Set attributes for named attribute. Appends if attr is NULL
Description
Set attributes for named attribute. Appends if attr is NULL
Usage
set_attr(data, label, attr = NULL, overwrite = FALSE)
Arguments
data |
vector |
label |
label |
attr |
attribute name |
overwrite |
overwrite existing attributes. Default is FALSE. |
Value
vector with attribute
Launch the included Shiny-app for database casting and upload
Description
Wraps shiny::runApp()
Usage
shiny_cast(...)
Arguments
... |
Arguments passed to shiny::runApp() |
Value
shiny app
Examples
# shiny_cast()
Split a data frame into separate tables for each form
Description
Split a data frame into separate tables for each form
Usage
split_non_repeating_forms(table, universal_fields, fields)
Arguments
table |
A data frame |
universal_fields |
A character vector of fields that should be included in every table |
fields |
A two-column matrix containing the names of fields that should be included in each form |
Value
A list of data frames, one for each non-repeating form
Examples
# Create a table
table <- data.frame(
id = c(1, 2, 3, 4, 5),
form_a_name = c("John", "Alice", "Bob", "Eve", "Mallory"),
form_a_age = c(25, 30, 25, 15, 20),
form_b_name = c("John", "Alice", "Bob", "Eve", "Mallory"),
form_b_gender = c("M", "F", "M", "F", "F")
)
# Create the universal fields
universal_fields <- c("id")
# Create the fields
fields <- matrix(
c(
"form_a_name", "form_a",
"form_a_age", "form_a",
"form_b_name", "form_b",
"form_b_gender", "form_b"
),
ncol = 2, byrow = TRUE
)
# Split the table
split_non_repeating_forms(table, universal_fields, fields)
Extended string splitting
Description
Can be used as a substitute of the base function. Main claim to fame is easing the split around the defined delimiter, see example.
Usage
strsplitx(x, split, type = "classic", perl = FALSE, ...)
Arguments
x |
data |
split |
delimiter |
type |
Split type. Can be c("classic", "before", "after", "around") |
perl |
perl param from strsplit() |
... |
additional parameters are passed to base strsplit handling splits |
Value
list
Examples
test <- c("12 months follow-up", "3 steps", "mRS 6 weeks",
"Counting to 231 now")
strsplitx(test, "[0-9]", type = "around")
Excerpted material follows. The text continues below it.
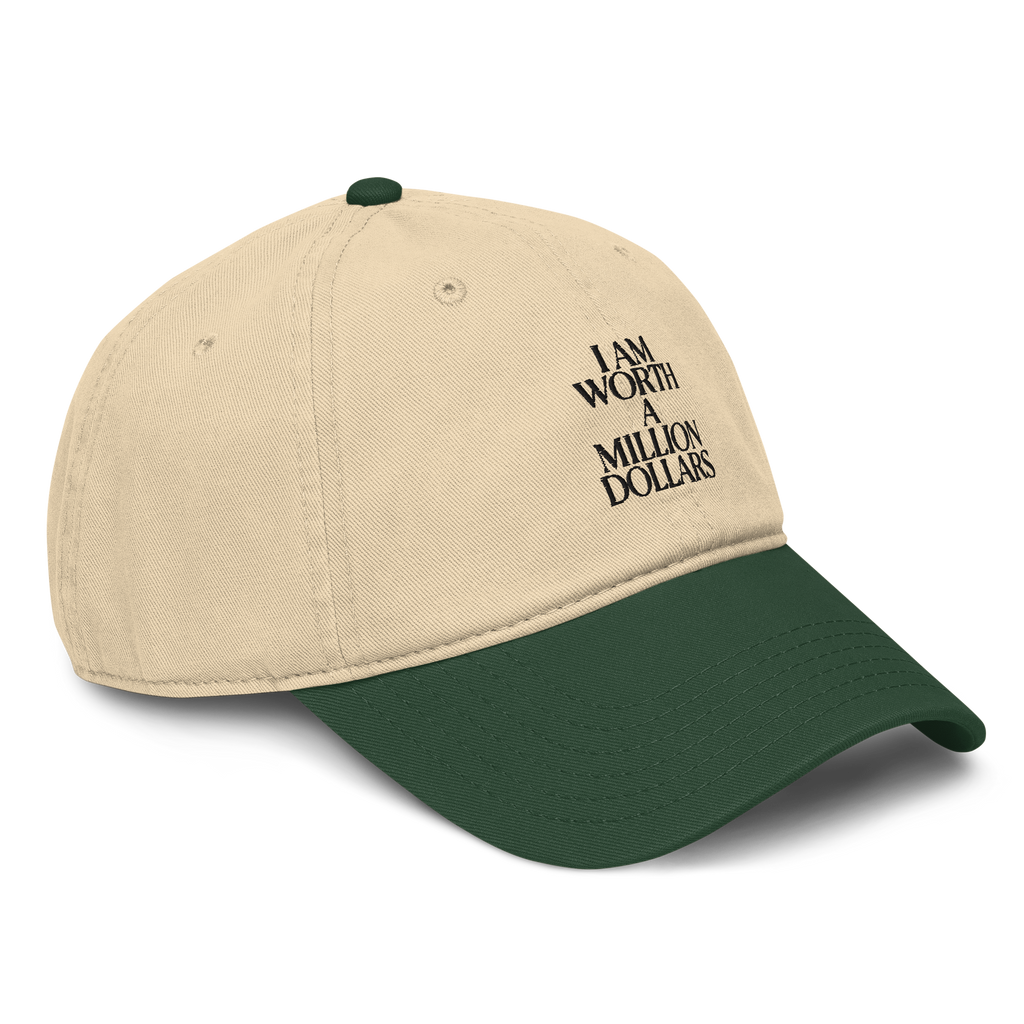 "I AM" WORTH Garment washed baseball cap
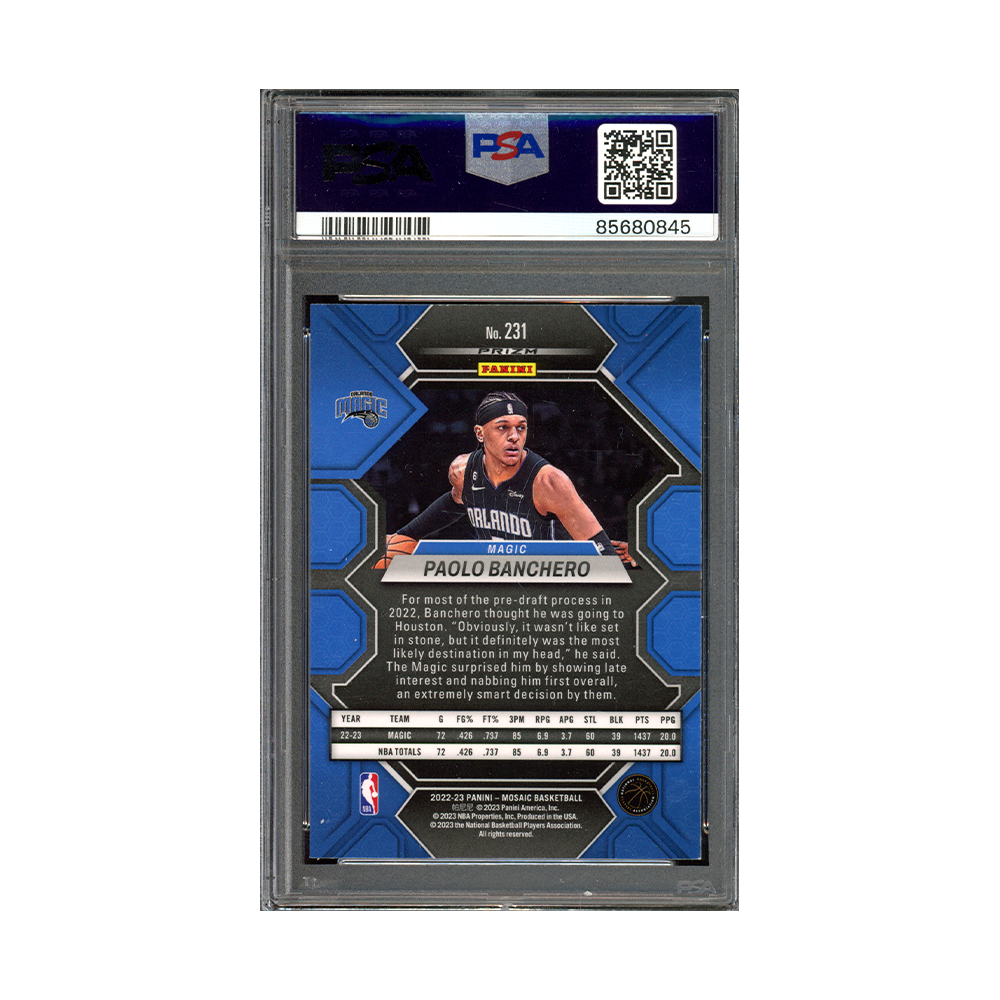 Paolo Banchero 2022 Panini Mosaic Basketball Silver Fast Break Rookie PSA 9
Transfer variable name suffix to label in widened data
Description
Transfer variable name suffix to label in widened data
Usage
suffix2label(
data,
suffix.sep = "____",
attr = "label",
glue.str = "{label} ({paste(suffixes,collapse=', ')})"
)
Arguments
data |
data.frame |
suffix.sep |
string to split suffix(es). Passed to strsplit |
attr |
label attribute. Default is "label" |
glue.str |
glue string for new label. Available variables are "label" and "suffixes" |
Value
data.frame
Correction based on time_only_filter function
Description
Correction based on time_only_filter function
Usage
time_only_correction(data, ...)
Arguments
data |
data set |
... |
arguments passed on to 'guess_time_only_filter()' |
Value
tibble
Examples
data <- redcapcast_data
## data |> time_only_correction()
Convert vector to factor based on threshold of number of unique levels
Description
This is a wrapper of forcats::as_factor, which sorts numeric vectors before factoring, but levels character vectors in order of appearance.
Usage
var2fct(data, unique.n)
Arguments
data |
vector or data.frame column |
unique.n |
threshold to convert class to factor |
Value
vector
Examples
sample(seq_len(4), 20, TRUE) |>
var2fct(6) |>
summary()
sample(letters, 20) |>
var2fct(6) |>
summary()
sample(letters[1:4], 20, TRUE) |> var2fct(6)
Named vector to REDCap choices ('wrapping compact_vec()')
Description
Named vector to REDCap choices ('wrapping compact_vec()')
Usage
vec2choice(data)
Arguments
data |
named vector |
Value
character string
Examples
sample(seq_len(4), 20, TRUE) |>
as_factor() |>
named_levels() |>
sort() |>
vec2choice()